Crawled caption data:
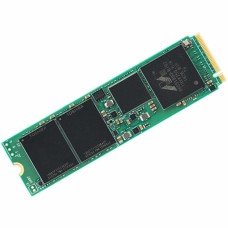 PX-512M9PGN+ SSD диск M.2 2280 512GB Plextor M9PG Plus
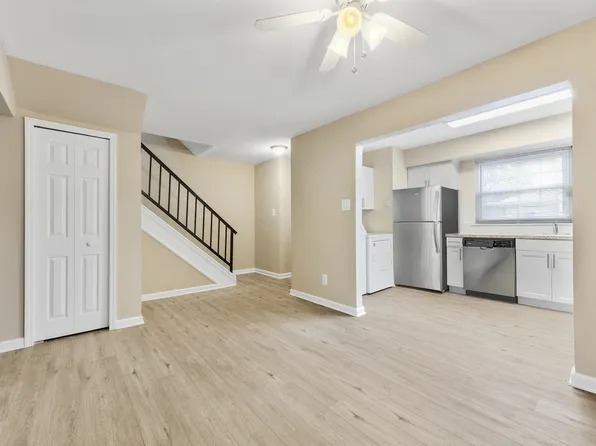 Mystic Point, 180 Exton Rd #Mp-11-22, Somers Pt, NJ 08244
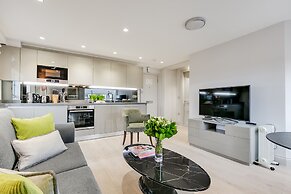 Nell Gwynn Chelsea Accommodation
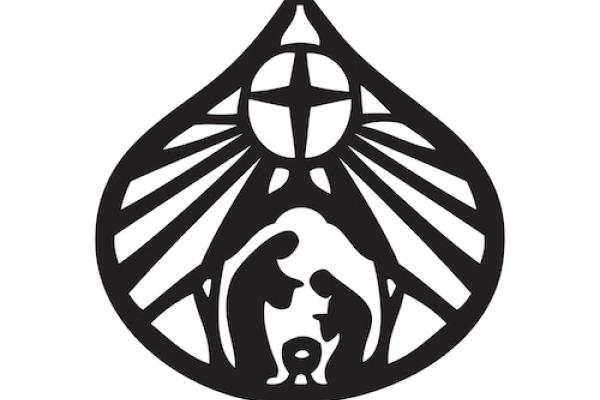 Holy family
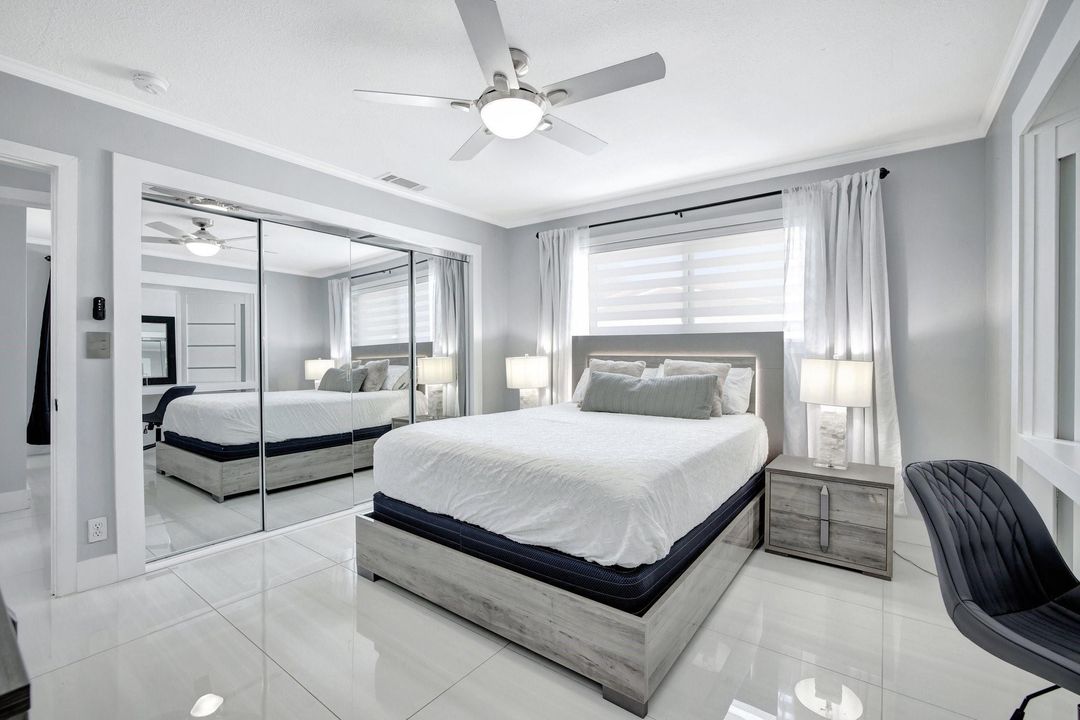 En Renta: $4,500 (3 camas, 2 baños, 1807 Pies cuadrados)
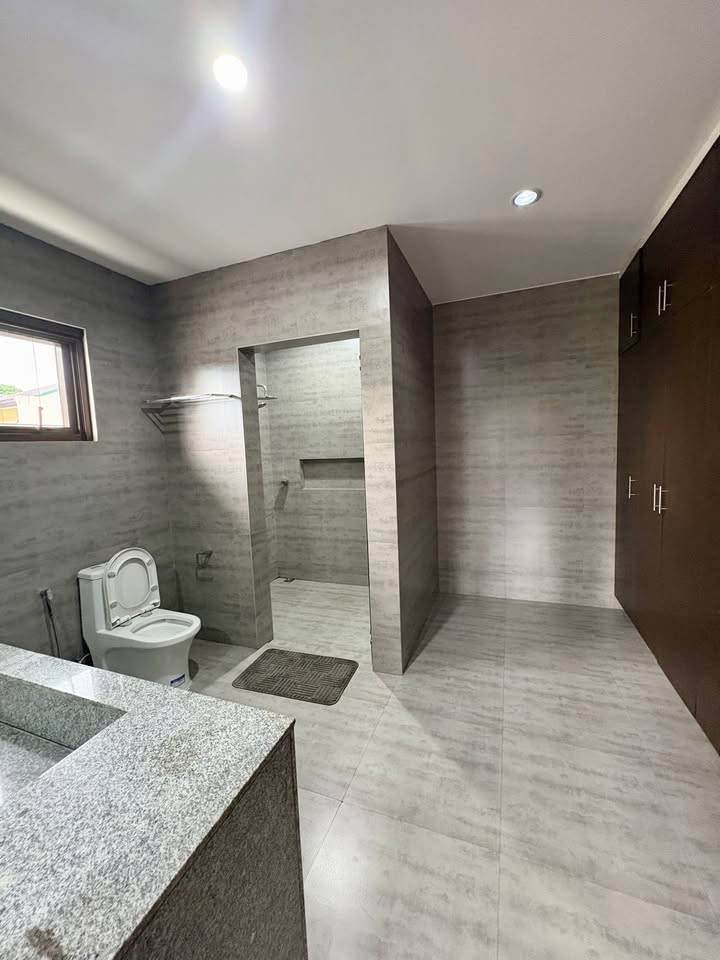 598713092_726663650478779_970452161625606002_n-min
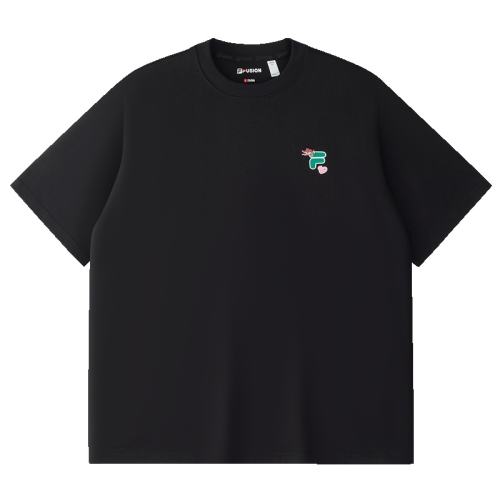 ɫ-BK 160/84A/XS FILA FUSION֯1438Ԫ5(287.6Ԫ/)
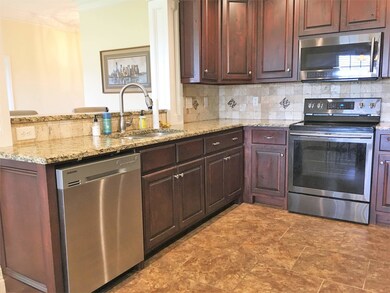 216 Summerstone Bend, Byron, GA 31008 - photo 6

=== Prompt ===
Both ends included, copy word for word the lines from the top of the entries above through the line with "598713092_726663650478779_970452161625606002_n-min". No pictures.

=== Answer section ===
 PX-512M9PGN+ SSD диск M.2 2280 512GB Plextor M9PG Plus
 Mystic Point, 180 Exton Rd #Mp-11-22, Somers Pt, NJ 08244
 Nell Gwynn Chelsea Accommodation
 Holy family
 En Renta: $4,500 (3 camas, 2 baños, 1807 Pies cuadrados)
 598713092_726663650478779_970452161625606002_n-min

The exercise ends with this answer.